Task statement = In the entries below, the lines from the one with "Home - Carson Ellis 1" through the one with "615429444 24828850323456060 8724500566981193658" are to be copied exactly; both ends count.

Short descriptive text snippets

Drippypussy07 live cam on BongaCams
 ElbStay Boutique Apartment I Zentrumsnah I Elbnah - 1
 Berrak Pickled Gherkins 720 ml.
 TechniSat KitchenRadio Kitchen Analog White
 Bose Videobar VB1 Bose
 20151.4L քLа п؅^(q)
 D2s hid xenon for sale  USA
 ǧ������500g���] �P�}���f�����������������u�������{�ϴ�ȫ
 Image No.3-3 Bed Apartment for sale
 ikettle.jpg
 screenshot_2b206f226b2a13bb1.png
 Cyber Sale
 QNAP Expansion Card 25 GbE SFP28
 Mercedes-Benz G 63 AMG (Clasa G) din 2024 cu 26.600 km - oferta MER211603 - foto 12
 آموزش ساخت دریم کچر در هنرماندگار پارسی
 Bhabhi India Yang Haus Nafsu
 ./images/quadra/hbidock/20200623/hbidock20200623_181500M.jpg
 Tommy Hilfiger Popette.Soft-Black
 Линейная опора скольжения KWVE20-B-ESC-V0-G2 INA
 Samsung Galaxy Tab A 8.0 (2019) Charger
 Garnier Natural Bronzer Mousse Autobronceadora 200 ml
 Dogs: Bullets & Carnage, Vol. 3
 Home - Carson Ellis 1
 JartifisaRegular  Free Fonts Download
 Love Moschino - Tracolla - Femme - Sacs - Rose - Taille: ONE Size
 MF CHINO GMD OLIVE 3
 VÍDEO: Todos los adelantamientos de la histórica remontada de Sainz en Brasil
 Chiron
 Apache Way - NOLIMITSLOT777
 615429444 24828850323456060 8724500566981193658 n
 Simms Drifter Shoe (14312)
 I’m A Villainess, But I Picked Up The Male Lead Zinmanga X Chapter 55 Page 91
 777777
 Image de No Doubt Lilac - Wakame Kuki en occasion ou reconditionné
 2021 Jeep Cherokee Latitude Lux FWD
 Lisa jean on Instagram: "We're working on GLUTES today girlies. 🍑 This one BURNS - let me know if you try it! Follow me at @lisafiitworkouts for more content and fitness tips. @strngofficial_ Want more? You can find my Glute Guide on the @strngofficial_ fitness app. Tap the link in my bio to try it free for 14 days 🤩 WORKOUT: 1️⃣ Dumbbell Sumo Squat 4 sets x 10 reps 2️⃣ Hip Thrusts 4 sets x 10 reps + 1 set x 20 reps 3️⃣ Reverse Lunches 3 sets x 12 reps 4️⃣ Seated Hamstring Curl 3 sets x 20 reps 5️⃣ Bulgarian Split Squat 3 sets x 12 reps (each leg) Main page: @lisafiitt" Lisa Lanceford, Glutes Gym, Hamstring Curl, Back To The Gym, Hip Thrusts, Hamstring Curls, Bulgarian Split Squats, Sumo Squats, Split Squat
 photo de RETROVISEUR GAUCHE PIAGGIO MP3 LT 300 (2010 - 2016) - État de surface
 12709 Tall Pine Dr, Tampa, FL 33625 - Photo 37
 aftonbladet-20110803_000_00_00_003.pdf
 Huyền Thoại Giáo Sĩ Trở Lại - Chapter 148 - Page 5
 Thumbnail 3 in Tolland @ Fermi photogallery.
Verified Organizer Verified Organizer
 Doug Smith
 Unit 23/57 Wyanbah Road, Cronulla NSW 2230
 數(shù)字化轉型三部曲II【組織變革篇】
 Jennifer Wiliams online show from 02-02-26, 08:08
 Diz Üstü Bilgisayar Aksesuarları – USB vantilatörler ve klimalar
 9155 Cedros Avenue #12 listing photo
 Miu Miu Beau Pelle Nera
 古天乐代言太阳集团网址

Output =
 Home - Carson Ellis 1
 JartifisaRegular  Free Fonts Download
 Love Moschino - Tracolla - Femme - Sacs - Rose - Taille: ONE Size
 MF CHINO GMD OLIVE 3
 VÍDEO: Todos los adelantamientos de la histórica remontada de Sainz en Brasil
 Chiron
 Apache Way - NOLIMITSLOT777
 615429444 24828850323456060 8724500566981193658 n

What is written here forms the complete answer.